* EXERCISE DIRECTIONS *
Of the entries below, return only those lines from the line with "There is also" to the line with "And now when", exactly, both included.

* INPUT DATA *
※

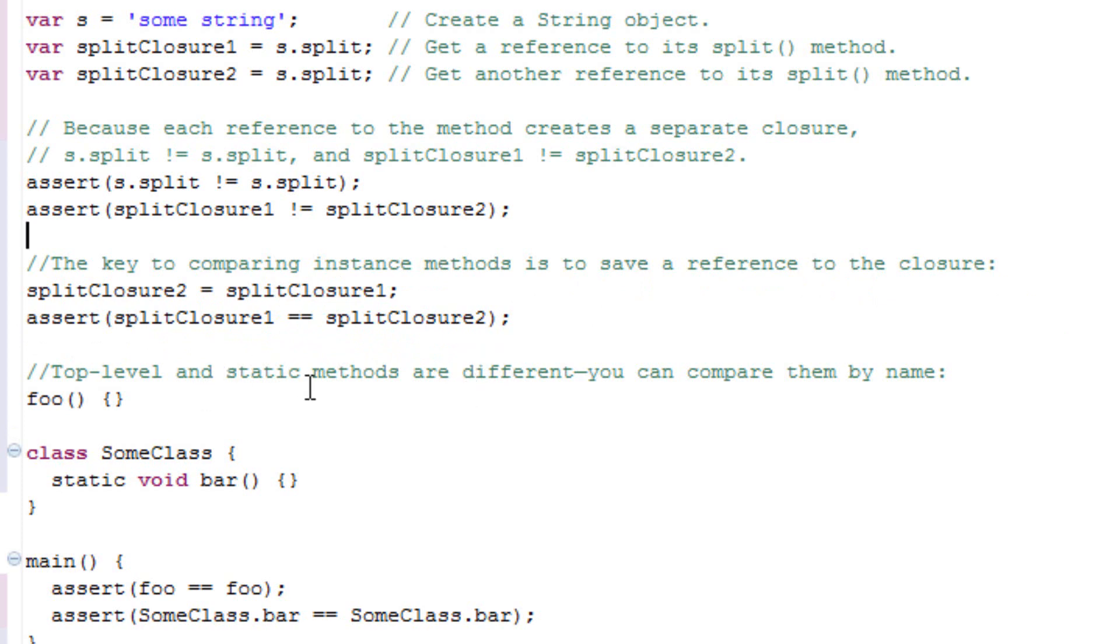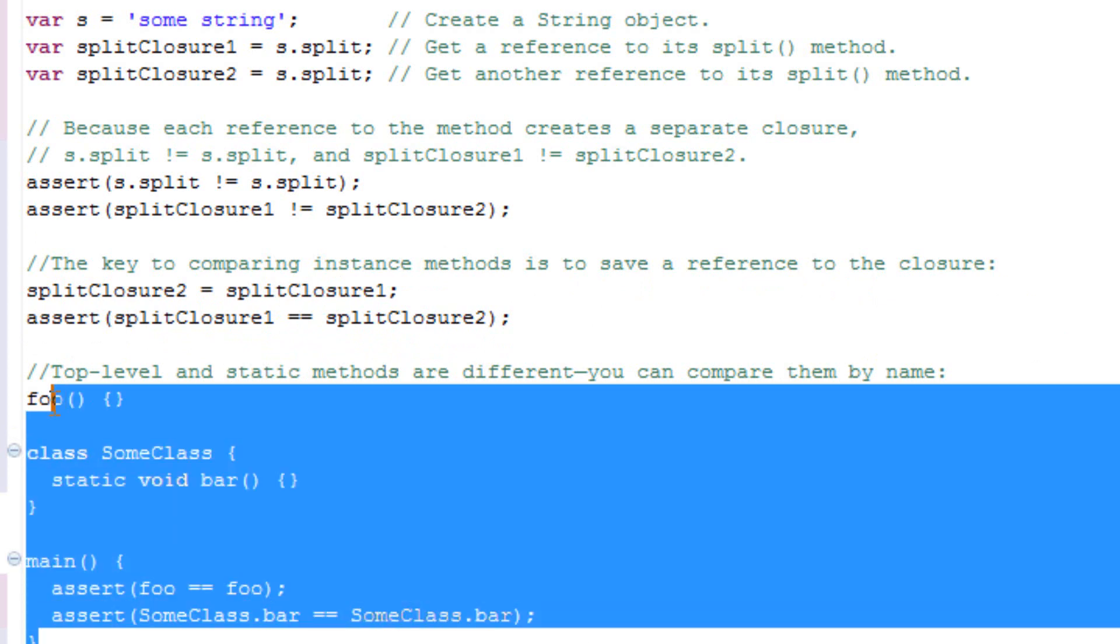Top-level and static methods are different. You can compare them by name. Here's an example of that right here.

※

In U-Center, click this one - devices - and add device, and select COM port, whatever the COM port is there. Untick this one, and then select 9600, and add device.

※

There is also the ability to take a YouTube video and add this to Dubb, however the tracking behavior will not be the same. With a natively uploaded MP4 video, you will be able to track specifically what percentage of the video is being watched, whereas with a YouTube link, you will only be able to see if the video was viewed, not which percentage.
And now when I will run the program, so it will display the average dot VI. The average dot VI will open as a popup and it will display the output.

※

* THE ANSWER *
There is also the ability to take a YouTube video and add this to Dubb, however the tracking behavior will not be the same. With a natively uploaded MP4 video, you will be able to track specifically what percentage of the video is being watched, whereas with a YouTube link, you will only be able to see if the video was viewed, not which percentage.
And now when I will run the program, so it will display the average dot VI. The average dot VI will open as a popup and it will display the output.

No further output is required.